Les contraintes des « 10 000 kg/ha minimum » du vignoble et des « 8 000 kg/ha maximum » du négoce semblent inconciliables. Seule une solution de compromis semble envisageable, qui consisterait à choisir un rendement 2009 entre : le plancher de 10 000 kg/ha du vignoble et le plafond de 8 000 kg/ha du négoce. Une telle approche mènerait donc naturellement vers un accord de rendement 2009 tirable de l'ordre de 9 000 kg/ha. Mais pour la mission Erec, ce compromis, trop bas pour les vignerons, trop élevé pour les négociants, n'est pas bon.
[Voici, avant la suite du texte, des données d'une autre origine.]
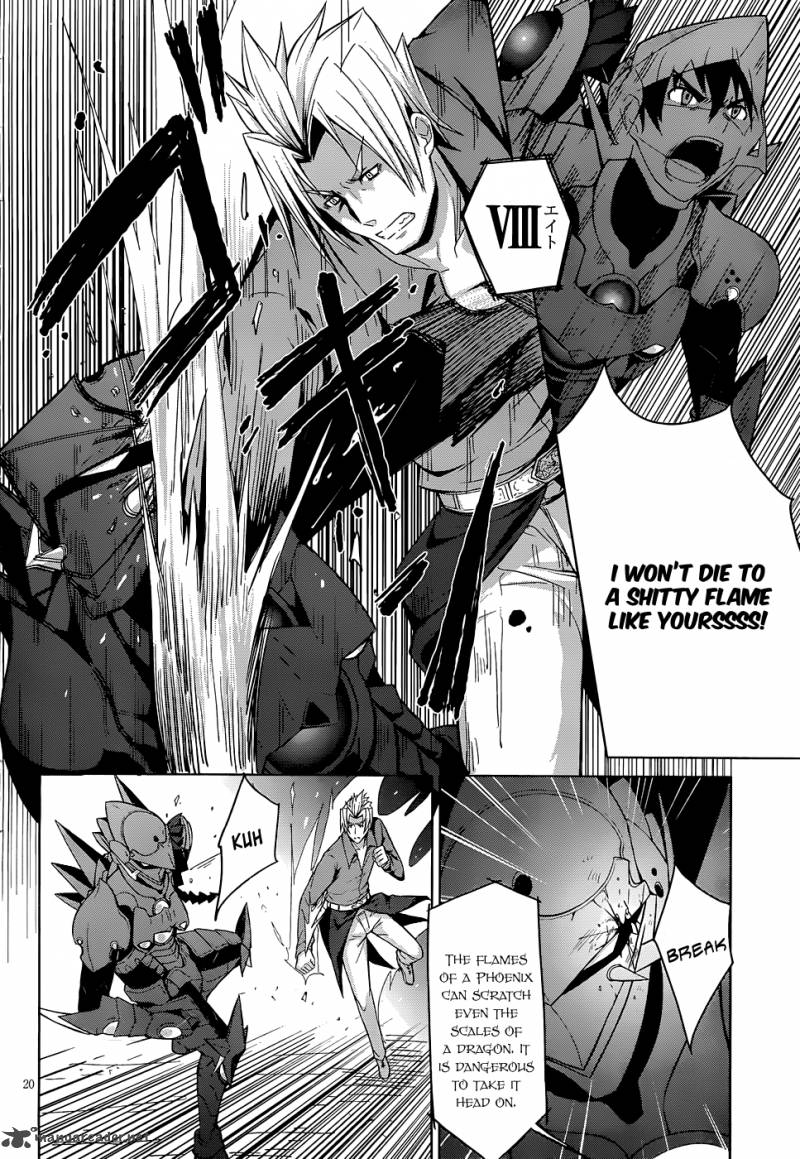 Highschool Dxd Chapter 21 Page 21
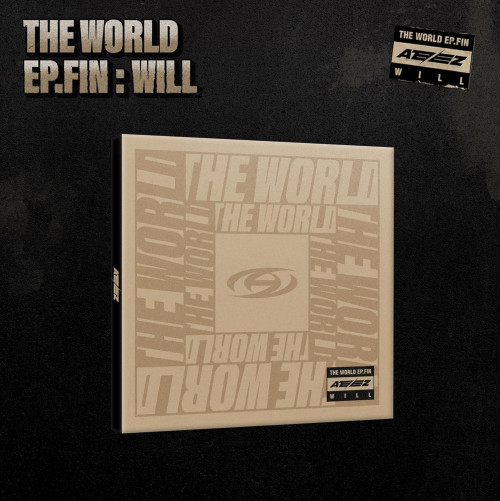 CD / Ateez / World Ep.Fin:Will / Vol.2 / Digipack
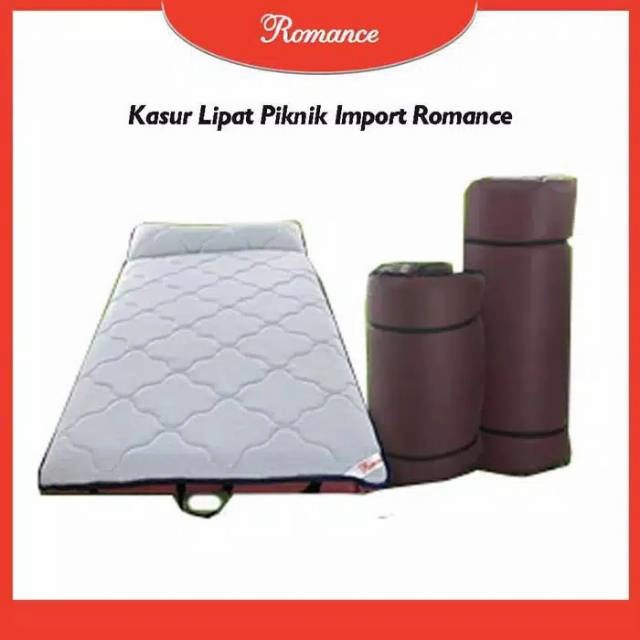 KASUR LANTAI KASUR LIPAT ROMANCE KASUR GULUNG ROMANCE MATRAS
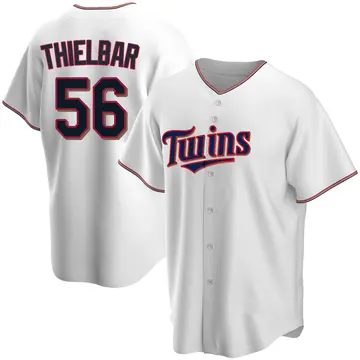 Caleb Thielbar Youth Minnesota Twins Replica Home Jersey - White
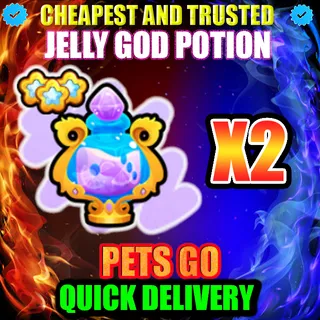 JELLY GOD POTION X2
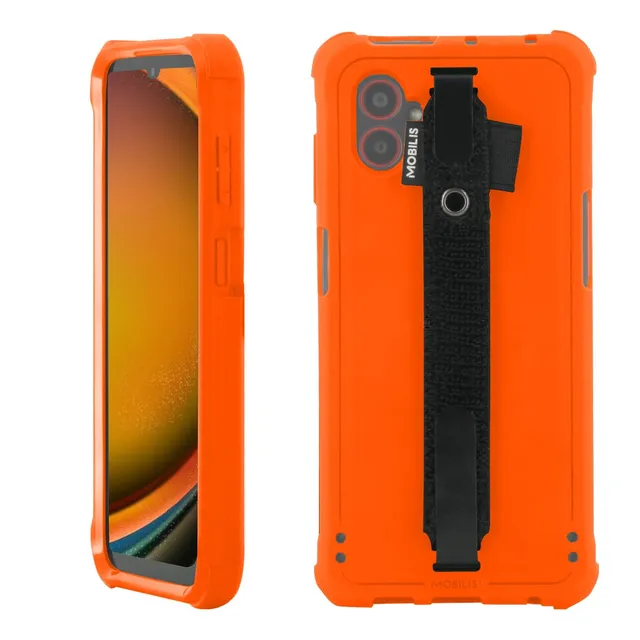 mobilis-protech-coque-galaxy-xcover-7-pro-avec-patte-antichute-et-porte-stylet-o image 1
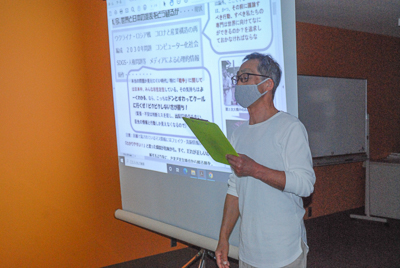 インテリア科2年の卒業制作がスタート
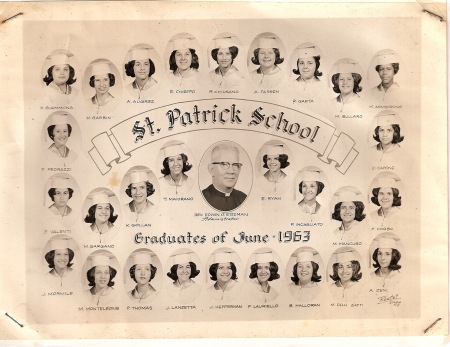 St Patrick's School (Kent Avenue) Class 1963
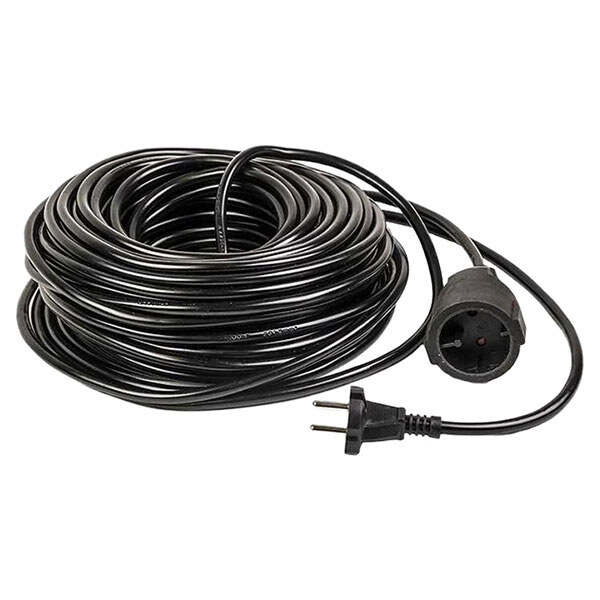 Удлинитель PowerPlant JY-3021/50, 50.0 м., Черный - № 1 Удлинитель PowerPlant JY-3021/50, 50.0 м., Черный - № 1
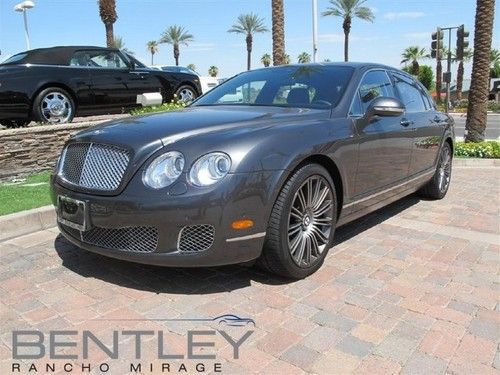 2010 bentley continental flying spur speed anthracite naim camera 20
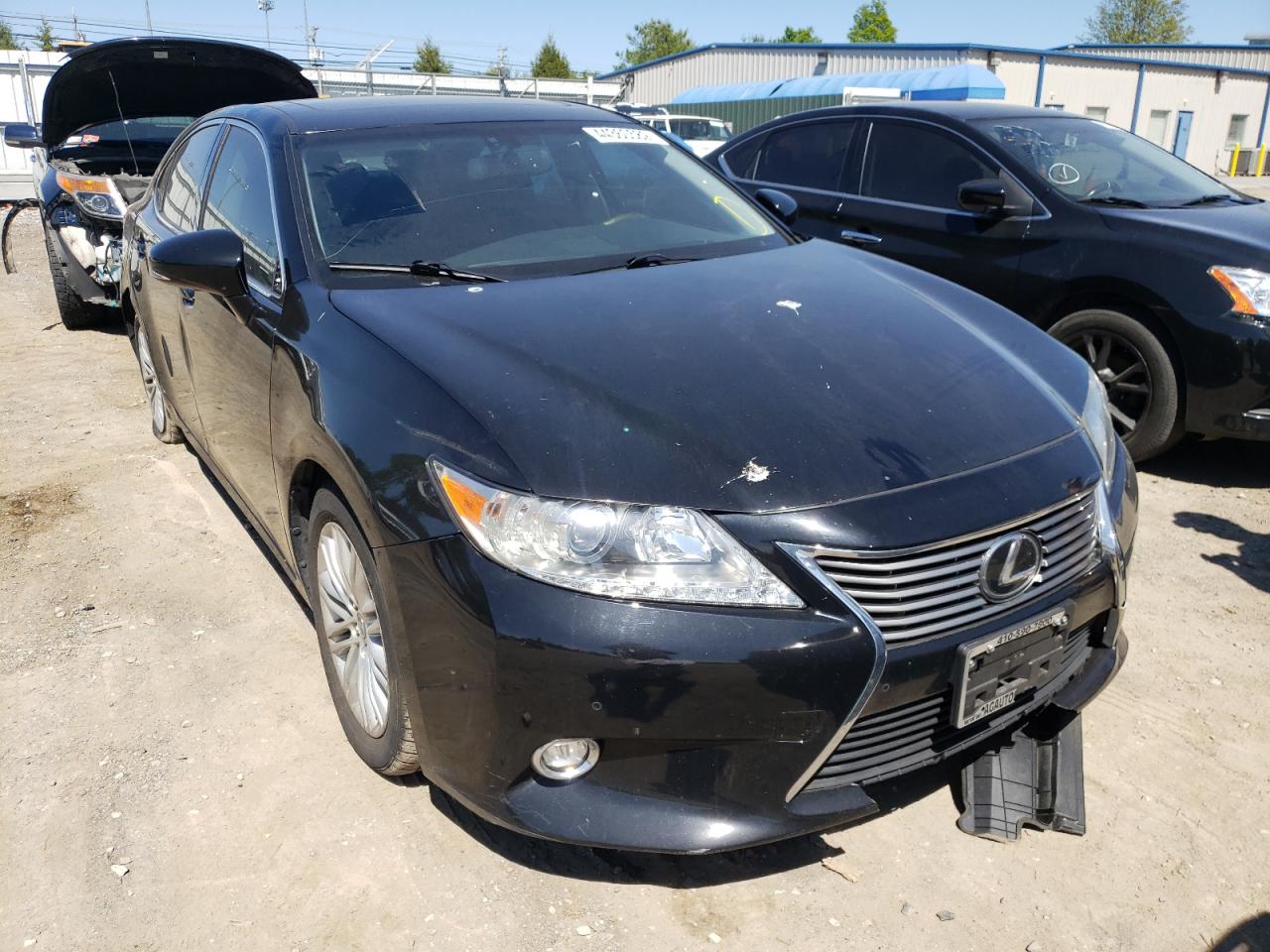 LEXUS ES 350 2014 with VIN JTHBK1GG2E2119710 - Photo from auction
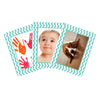 4 x 6 Chevron Dry Erase Adhesive Frames - Pack of 5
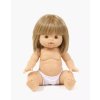 minikane poupee exclusive zoe blonde aux yeux marrons avec culotte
La Champagne a été la première de toutes les régions viticoles à innover avec la réserve qualitative. Toujours selon l'étude, « la Champagne peut aller plus loin encore et innover à nouveau » en dissociant les quantités disponibles et les quantités payées aux producteurs. Une première ! Les quantités récoltées entre 8 000 kg/ha et 10 000 kg/ha font l'objet d'achat ferme par les maisons qui les conservent en cuves sans tirage en bouteilles, à condition d'être vendues dans le cadre de contrats pluriannuels (raisins et moûts + vins clairs et bouteilles issus de surfaces déterminées) ou de contrats ponctuels (raisins ou moûts) ; le prix de vente du kilo de raisin de ces quantités est celui applicable à la vendange 2009 (augmenté de quelque pourcentage).
Le déblocage de ces quantités aura lieu au plus tard deux années plus tard, permettant un tirage au printemps 2012.

Le paiement

La valeur des 8 000 kg/ha serait réglée par les maisons à leurs livreurs de raisin en quatre échéances annuelles. La valeur des 2 000 kg/ha du « blocage spécial » sera réglée par les maisons à leurs livreurs de raisin par un billet à ordre tiré sur la ou les banques de leur choix, à échéance moyenne de deux années, soit au 20 avril 2012.
Ceux des vignerons qui le souhaiteront pourront demander à la ou les banques de leur choix d'escompter leurs billets à ordre, moyennant paiement des frais financiers afférents.
Ceux-ci seront couverts en partie par le surprix du raisin facturé aux maisons pour ces quantités. Compliqué ! Sûrement, mais il est difficile de dire si le vignoble souhaite et veut entendre un discours aussi technique et qu'économique".